─── Data in this exercise

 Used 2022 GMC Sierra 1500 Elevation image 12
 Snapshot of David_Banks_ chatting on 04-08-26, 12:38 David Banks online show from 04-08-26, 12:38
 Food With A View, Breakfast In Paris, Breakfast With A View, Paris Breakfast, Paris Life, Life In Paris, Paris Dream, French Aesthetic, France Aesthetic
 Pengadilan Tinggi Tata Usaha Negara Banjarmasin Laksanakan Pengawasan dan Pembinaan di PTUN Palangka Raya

──────
─── Data in this exercise

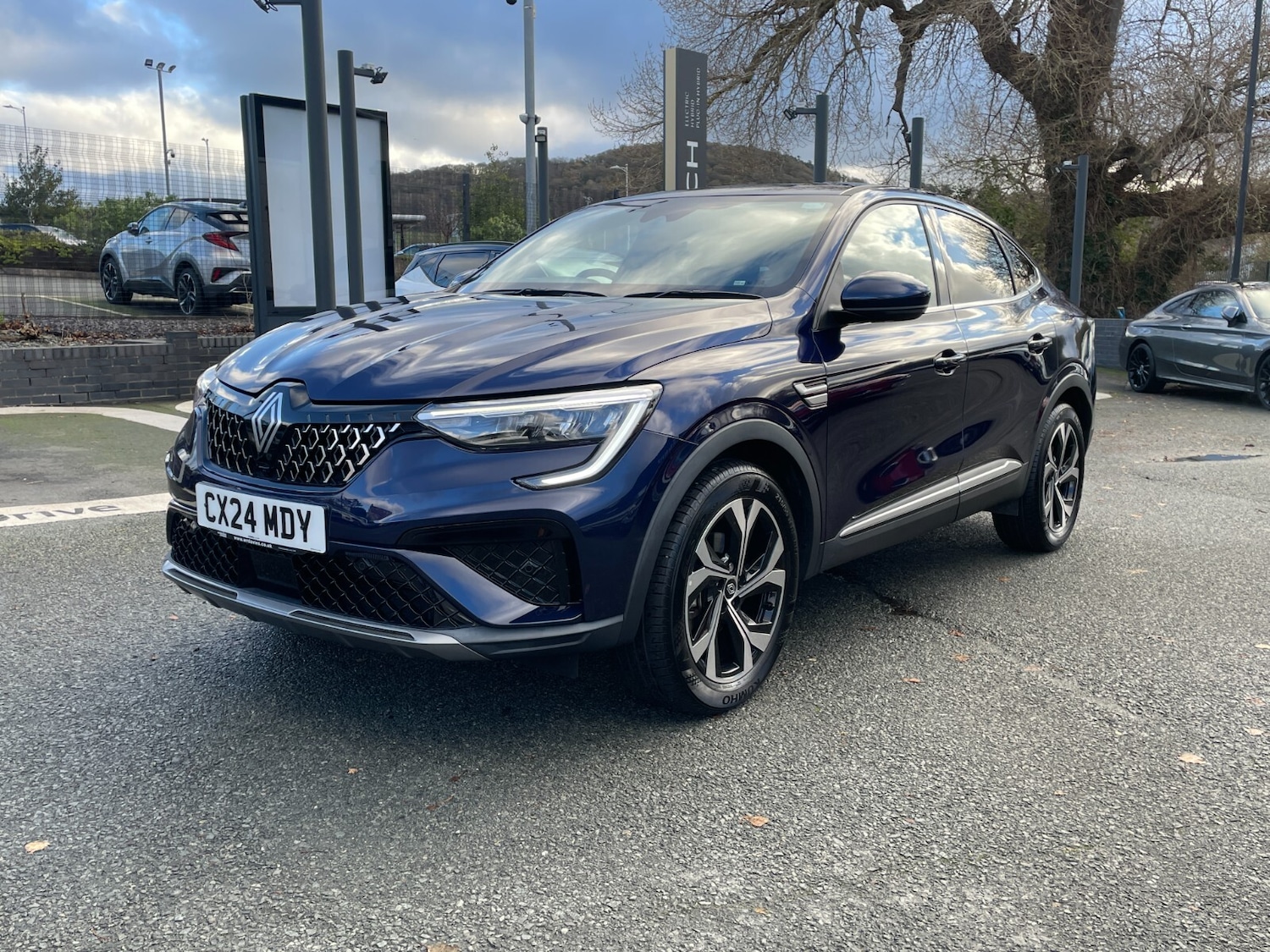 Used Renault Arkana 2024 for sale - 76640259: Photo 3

──────
─── Data in this exercise

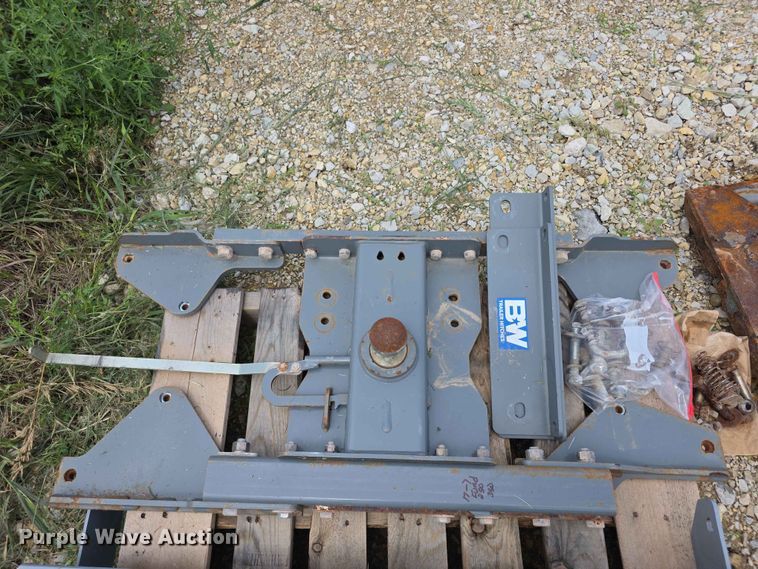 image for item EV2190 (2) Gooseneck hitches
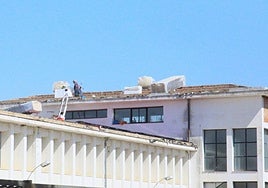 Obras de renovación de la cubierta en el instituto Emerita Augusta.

──────

Exercise instructions
Return, with no change at all, every line in the entries above from the line containing "Used 2022 GMC Sierra 1500 Elevation image 12" through the line containing "Pengadilan Tinggi Tata".

Your solution
 Used 2022 GMC Sierra 1500 Elevation image 12
 Snapshot of David_Banks_ chatting on 04-08-26, 12:38 David Banks online show from 04-08-26, 12:38
 Food With A View, Breakfast In Paris, Breakfast With A View, Paris Breakfast, Paris Life, Life In Paris, Paris Dream, French Aesthetic, France Aesthetic
 Pengadilan Tinggi Tata Usaha Negara Banjarmasin Laksanakan Pengawasan dan Pembinaan di PTUN Palangka Raya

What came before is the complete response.